There is a high demand for invitro diagnosis (IVD) test kits for various diseases in ASEAN and this technology is suited to provide product support to commercialise IVD test kits especially for public health problems faced in ASEAN. Produced under ISO13485 certified production, the IVD tests have high sensitivity and specificity, especially supporting the specific types of local ASEAN microorganisms detection. The technology services have supported the production of test kits for infectious disease for specific conditions such as Covid-19 and Leptospirosis.

There are varieties of detection platforms which has been used in clinical laboratory system in hospital and clinic in remote areas. However, to improve the quality of produced IVD test kits,  standarised production process under the ISO13485 requirements are provided. Until now, the IVD test technologies that the technology provider can support include:

1. Lateral flow-based assay test kit
2. Immunological-based diagnostic test kits
3. Biomolecular detection for IVD

By providing standardised production facility, the technology provider is able to service the following potential applications: 

• Produce the highest risk class of IVD test kits that professionals require and can be widely used in Clinical Laboratory Analysis or Medical Technology Units for laboratory diagnosis services in hospitals.
• Produce IVD test kits for home use such as Point of Care Testing kits which offers personal care with easy-to-read and yourself analysis.
• Test kits needed for the veterinary and food-supporting industries.

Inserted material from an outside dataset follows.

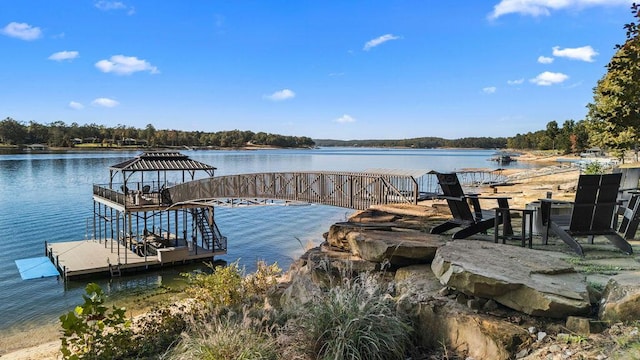 view of dock featuring a water view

Supported under the Center of Excellent in Medical Innovative Development and Accelerating Support for Commercialization (MIDAS Center), the Technology Acelerator specifically designed to empower resarchers in advancing their medical IVD test kits. The technology provider focuses on taking research and innovation to IVD product development, ensuring all kits meet the international standards and can gain FDA approval worldwide.